Я всегда своим музыкантам-профессионалам говорю: «Сколько бы мы ни старались петь хорошо и молитвенно, так, как у отца Матфея, у нас не получится». Говорю я так сознательно — у профессионалов руки не опускаются, они, наоборот, хотят преодолеть массу трудностей. Это очень интересный путь.
Где-то лет 10 назад с нашим новым настоятелем Подворья мы пришли к внутреннему выводу: светскую музыку мы не поем, чтобы не растрачивать свой творческий потенциал на что-то еще, целенаправленно занимаемся церковной музыкой. И знаете, за прошедшие годы я со всей очевидностью понял, что наши церковные исполнительские просторы — целая вселенная, бескрайняя. Прежние мои интересы кажутся мне детским садом каким-то. Хотя я очень люблю русские народные песни — и люблю их слушать в исполнении хороших коллективов. Однако рядом с церковной музыкой я их даже рядом поставить не могу.
— А сейчас с кем Вы советуетесь в профессиональном плане?

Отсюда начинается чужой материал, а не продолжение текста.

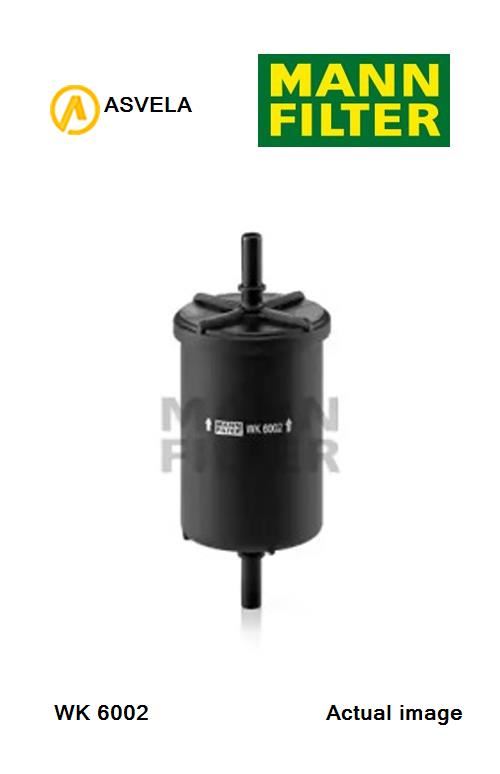 Filtro de combustible hombre-filtro WK 817//3 X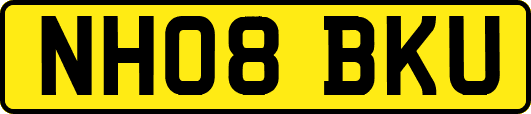 NH08BKU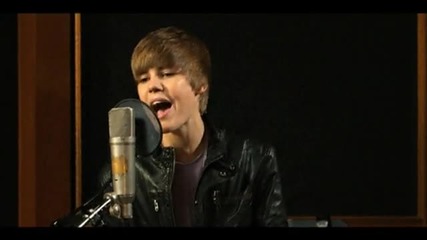 + Превод Justin Bieber feat Jaden Smith - Never Say Never [hight Quality ]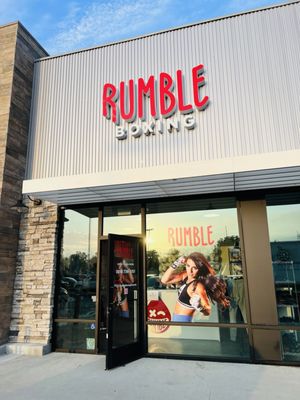 Rumble Boxing by null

— Все наши записи я обязательно показываю Владыке Лонгину и жду не только похвал, наоборот — критики. Слава Богу, что и на самом Подворье критиков и ценителей хватает, так что реакция на наше исполнение есть всегда.

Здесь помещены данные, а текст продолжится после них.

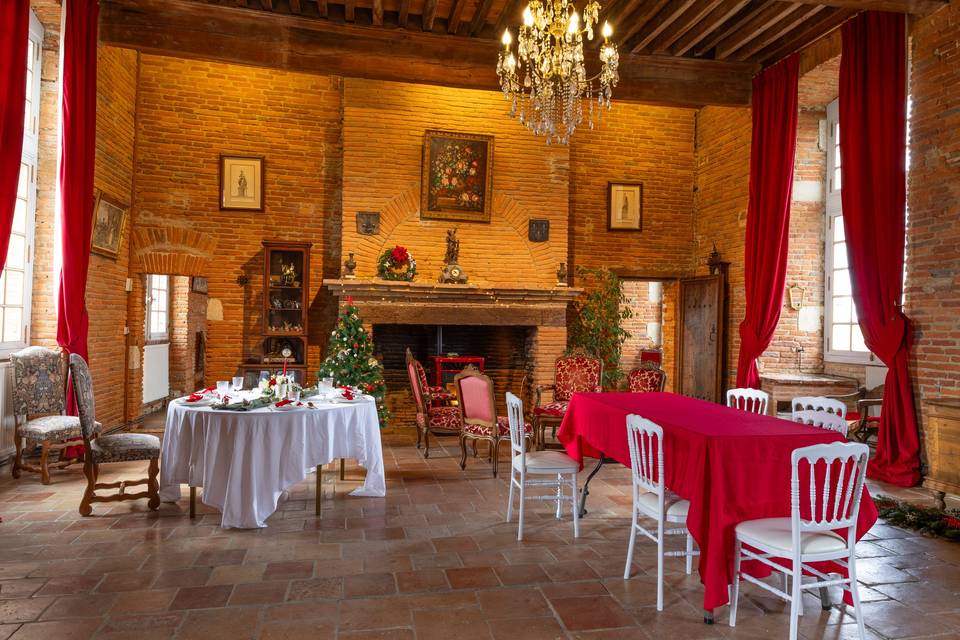 Mariage Launac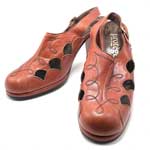 1970s platform shoes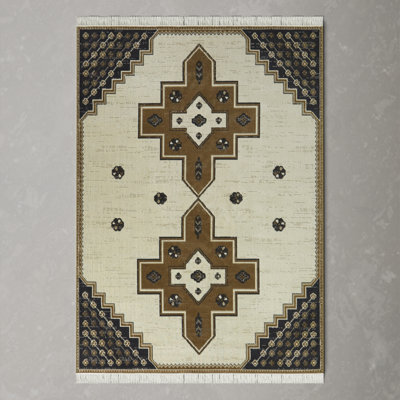 Virgina Oriental Indoor Rug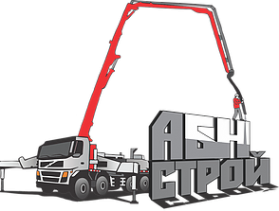 Логотип компании АБН-СТРОЙ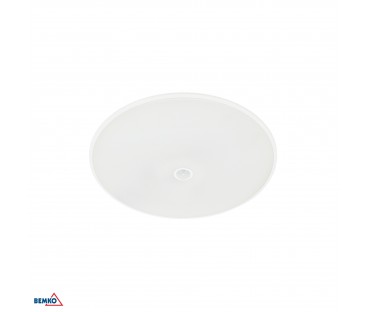 Plafoniera LED BIANKA 15W 4000K 1500LM IP54 cz. pir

Прислушиваюсь я к мнению бывшего ректора Московской консерватории профессора Бориса Ивановича Куликова — он может мне сказать все, что думает. Нынешний декан дирижерского факультета Московской консерватории Станислав Семенович Калинин — также. Я считаю, что когда тебе говорят что-то неприятное о твоей деятельности, то это — стимул к развитию. В сфере бизнеса люди платят большие деньги, чтобы их покритиковали. Да и с какой стати мы, христиане, будем как-то остро реагировать на критику? Конечно, чисто человеческую реакцию трудно исключить, но идти по пути обиды, конфликта — глупо. Допустим, отцу Дионисию (нынешний настоятель Подворья архимандрит Дионисий (Колесник). — Ред.) не нравится что-то, что понравилось мне. Но я не буду настаивать на своем, потому что это приведет к непониманию. Я иду до той границы, где еще можно поступиться своими музыкальными принципами, и просто — жду. И абсолютно такое же движение происходит с другой стороны, я уверен. Только таким образом разрешаются вообще все конфликты и все непонимания.

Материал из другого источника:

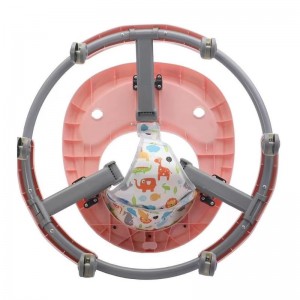 Babywalke婴儿学步车一岁宝宝推车7-18个月儿童玩具车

Кстати, я очень часто обращаюсь к певцам с вопросом: «Вам нравится репертуар, исполнение или нет?» — и жду честного ответа. Я стараюсь двери души всегда держать открытыми.
— У Вас девять детей. Кто-то из них идет по Вашим стопам, занимается музыкой?
— Музыкой занимаются все, но по моим стопам никто пока не пошел. Мой старший сын, ему 19, отслужил в армии, готовится быть программистом. Старшая дочь Татьяна хочет быть педагогом. Но они все играют на музыкальных инструментах и поют. В общем, скажу, что в нашем доме музыка звучит всегда.
Быть именно регентом никто из моих детей пока не хочет — годы, наверное, должны пройти.
Владимир Горбик родился в 1970 г. в Москве. Закончил музыкальное училище в Екатеринбурге, музыкальное училище при Московской государственной консерватории, дирижерско-хоровой и оркестровый факультет МГК. В 1995 г. — певец мужского хора Московского Подворья Свято-Троицкой Сергиевой Лавры под управлением иеромонаха Феодосия (Ушакова). В 1996-м — регент братского хора Подворья, в 1998-м — регент мужского хора. С 2001 по 2004 г., продолжая регентскую работу на Троицком Подворье, одновременно был художественным руководителем и дирижером солдатского мужского хора Инженерных войск имени св. Даниила Московского при Свято-Смоленской Зосимовой пустыни. В 2012 г. стал преподавателем дирижирования МГК.
В дискографии Владимира Горбика имеется более 15 аудиодисков, которые издаются не только в России, но и в Германии, и в США. Постоянно проводит мастер-классы как за рубежом, так и в России.